Stephan Balleux
Oh You Pretty Things
Patrick Painter
March 31 – May 12, 2018
Oh You Pretty Things is an ironic title. While Stephan Balleux‘s paintings could be construed as pretty, it is more a reference to the women who populate the compositions than to the totality of the depictions. There is something disturbing and haunting that predominates these images. In Suspension First, (2018) a large-scale oil painting colored to reference a sepia-toned photograph, a woman floats through the air. She hangs by her foot from gym rings, her body posed as if a bird in flight moving horizontally across the canvas. The painting is surreal and ambiguous. And, upon close examination, when it becomes evident that the subject is missing a hand, the image takes on a perplexing air. Is the work unfinished? Why did Balleux leave space for the hand yet not depict it? Who is this incomplete figure?

Suspension First
A similar discomfort persists in Pandora, (2018). Here the realistically rendered black and white scene features a young woman with long curls wearing an old-fashioned dress kneeling in the landscape. She sits among plants and grasses oblivious to the twisted trees and dream-like swirls behind her. In one hand she holds a rectangular card with a vignetted image/transparent hole in its center. The size and shape of this circle parallels the size and shape of the stump of her missing right arm. This Pandora, depicted as maimed, might have already experienced the contents – and consequences – of opening Pandora’s box.

Pandora
Another monochromatic painting, The Lioness (cover image, 2017), portrays a woman in a long dress wading in water that is receding from the shore. Her back is to a pack of giant lioness’ sipping at the water’s edge. Their eyes are on her, yet she seems oblivious to any danger. This surreal image, like many of Balleux’s works is a composite of disparate sources. As Dominique Païni has suggested (in Stephan Balleux: The Painting and its Double, Editions Racine, 2014), Balleux’s “way of painting starts with a collection of already existing images, whereby he does not ‘paint’ so much as assemble. His real and entire aim as a painter is to disfigure.” His paintings share a kinship with the macabre photographs of Joel Peter Witkin who often photographed disfigured models. Like Witkin, Balleux is interested in creating beautiful images of disturbing subjects. He also draws from Gerhard Richter in his use of monochromatic photo realistic depictions.

The Companion in Pearls
Two other paintings on view featuring a full color palette, The Guardian and The Companion in Pearls (both 2018), pair Balleux’s women with birds.

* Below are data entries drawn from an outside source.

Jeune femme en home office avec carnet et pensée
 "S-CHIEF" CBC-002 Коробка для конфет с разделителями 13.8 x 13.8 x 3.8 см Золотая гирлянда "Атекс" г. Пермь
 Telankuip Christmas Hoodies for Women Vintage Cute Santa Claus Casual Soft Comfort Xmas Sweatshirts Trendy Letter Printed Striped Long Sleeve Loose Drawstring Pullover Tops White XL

In The Guardian a huge predatory bird is perched on a tree branch floating in a bright blue sky. A doll-sized barefoot woman, also dressed in sky blue, hugs the bird’s front leg, her entire body embracing its lower extremity. It is unknown whether their relationship is symbiotic. The Companion in Pearls is equally fascinating. Here, a woman in an evening gown with several long strands of pearls sits at a table staring out at the viewer. She is surrounded by realistically sized birds— two that stand on the table alongside an empty wine glass, while the others, brightly colored parrots, frolic on the branch of a tree. While the birds appear to be aware of the woman, she pays no attention to them.

Sleepwalker
Balleux’s paintings, while exquisitely rendered, have an unsettling aura. The works are both surreal and unreal. He depicts humans and animals as believable characters with ambiguous motivations. While the paintings are captivating and seductive, they allude to narratives that never quite resolve on the canvas or in the viewer’s imagination.